A dozen S.C. business groups sent a letter Tuesday to the General Assembly asking legislators to halt consideration of a controversial Senate bill that would ban transgender men and women from using the bathrooms of their choice.
“The Palmetto State has built a reputation as a welcoming place for world-class companies to call home. People are taking notice of South Carolina for all the right reasons,” said the letter signed by “The South Carolina Business Community.” If the bill moves forward, “make no mistake that it will have direct impact on South Carolina jobs and job prospects.”
The groups signing Tuesday’s letter included statewide organizations — the S.C. Chamber of Commerce, S.C. Manufacturers Alliance, S.C. Economic Developers Association and S.C. Hospital Association — as well as chambers of commerce in Charleston, Clemson, Columbia, Greenville, Greenwood, Myrtle Beach, North Myrtle Beach and Spartanburg.

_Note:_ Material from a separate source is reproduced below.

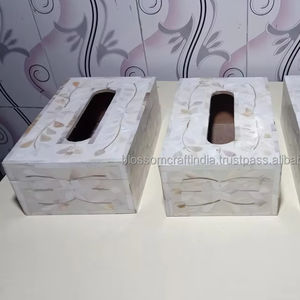 Boîte à mouchoirs en nacre, porte-serviettes fait main, boîte à mouchoirs de luxe avec incrustation de nacre, vente en gros - Product Image 1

South Carolina’s bill is three votes shy of the nine needed to move it to the floor of the state Senate for debate and a possible vote, the proposal’s chief sponsor, Sen. Lee Bright, R-Spartanburg, said Tuesday.
Bright also said he expects a similar bill to be introduced in the S.C. House as early as Wednesday, increasing the chances of a bathroom ban winning approval in one of the General Assembly’s two chambers before a May 1 deadline.
Bright declined to name the other senators agreeing to vote the bill out of committee other than its co-sponsor, Kevin Bryant, R-Anderson. Bright also declined to name the House members looking to introduce a transgender bathroom bill.
“Public policy will not be dictated by the loudest minority,” Bright said of the business groups’ letter. “This is about safety and sanity.”
Bright said some businesses might leave South Carolina unless lawmakers pass a transgender bathroom law. “This is a double-edged sword.”
The state chamber, one of the groups signing Tuesday’s letter, has started efforts to unseat Bright, who is seeking a third term this year.
Meanwhile, Republican Gov. Nikki Haley, who once endorsed Bright, has said his bill is unnecessary, and Senate Democrats have vowed to block the bill.